December 4, 2017 Leave a comment

Problem A3. Denote {\phi = f-g}. Then {\phi} is continuous and {\int_a^b \phi = 0}. We can see that

\displaystyle I_{n+1}-I_n = \int_a^b (f/g)^n \phi = \int_{\phi\geq 0} (f/g)^n \phi+ \int_{\phi<0} (f/g)^n \phi

Now note that on {\{ \phi>=0\}} we have {f/g \geq 1} so {(f/g)^n \phi \geq \phi}. Furthermore, on {\{\phi<0\}} we have {(f/g)^n <1} so multiplying with {\phi<0} we get {(f/g)^n \phi \geq \phi}. Therefore

\displaystyle I_{n+1}-I_n \geq \int_{\phi \geq 0} \phi + \int_{\phi<0} \phi = \int \phi = 0.

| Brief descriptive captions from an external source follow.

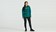 Specialized Women's Legacy Wordmark Zip-Up Hoodie Tropical Teal - S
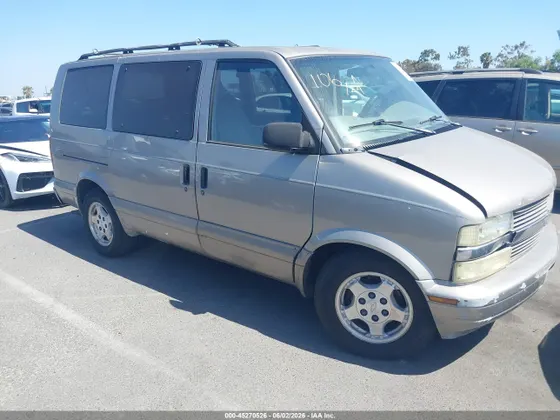 2004 Chevrolet Astro Passenger
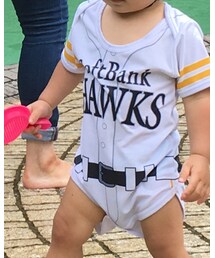 ソフトバンク | サロペット/オーバーオール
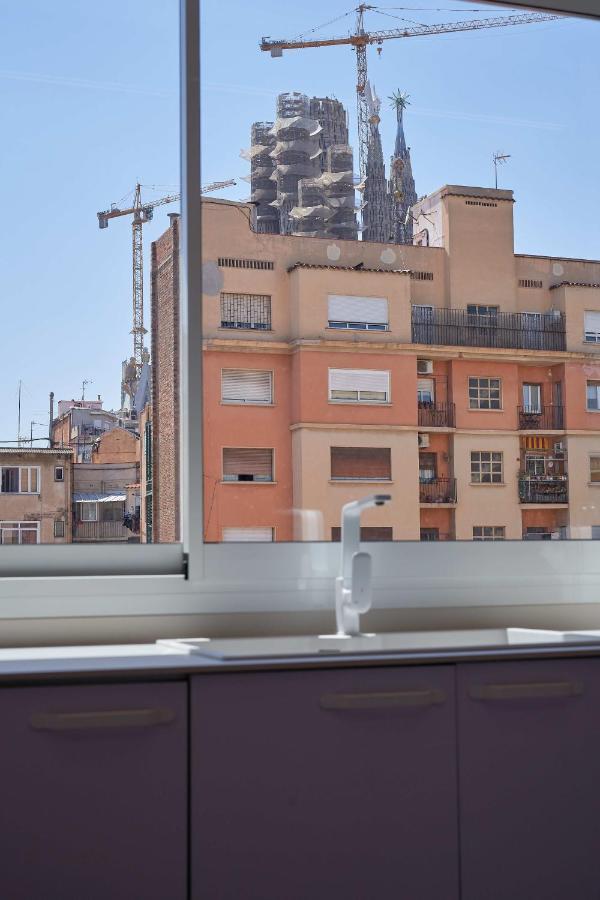 Stay U-Nique Apartment Padilla برشلونة المظهر الخارجي الصورة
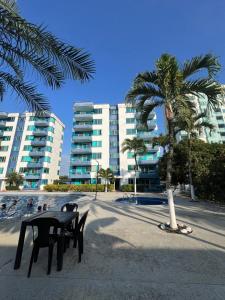 Departamento frente al mar edificio Arena Plaza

To prove that {I_n} goes to {+\infty} we can still work with {I_{n+1}-I_n}. Note that the negative part cannot get too big:

\displaystyle \left|\int_{ \phi <0 } (f/g)^n \phi \right| \leq \int_{\phi<0} |\phi| \leq \int_a^b |f-g|.

As for the positive part, taking {0<\varepsilon< \max_{[a,b]} \phi} we have

\displaystyle \int_{\phi\geq 0} (f/g)^n \phi \geq \int_{\phi>\varepsilon}(f/g)^n \varepsilon.

Next, note that on {\{ \phi \geq \varepsilon\}}

\displaystyle \frac{f}{g} = \frac{g+\phi}{g} \geq \frac{g+ \varepsilon}{g}.

We would need that the last term be larger than {1+\delta}. This is equivalent to {g\delta <\varepsilon}. Since {g} is continuous on {[a,b]}, it is bounded above, so some delta small enough exists in order for this to work.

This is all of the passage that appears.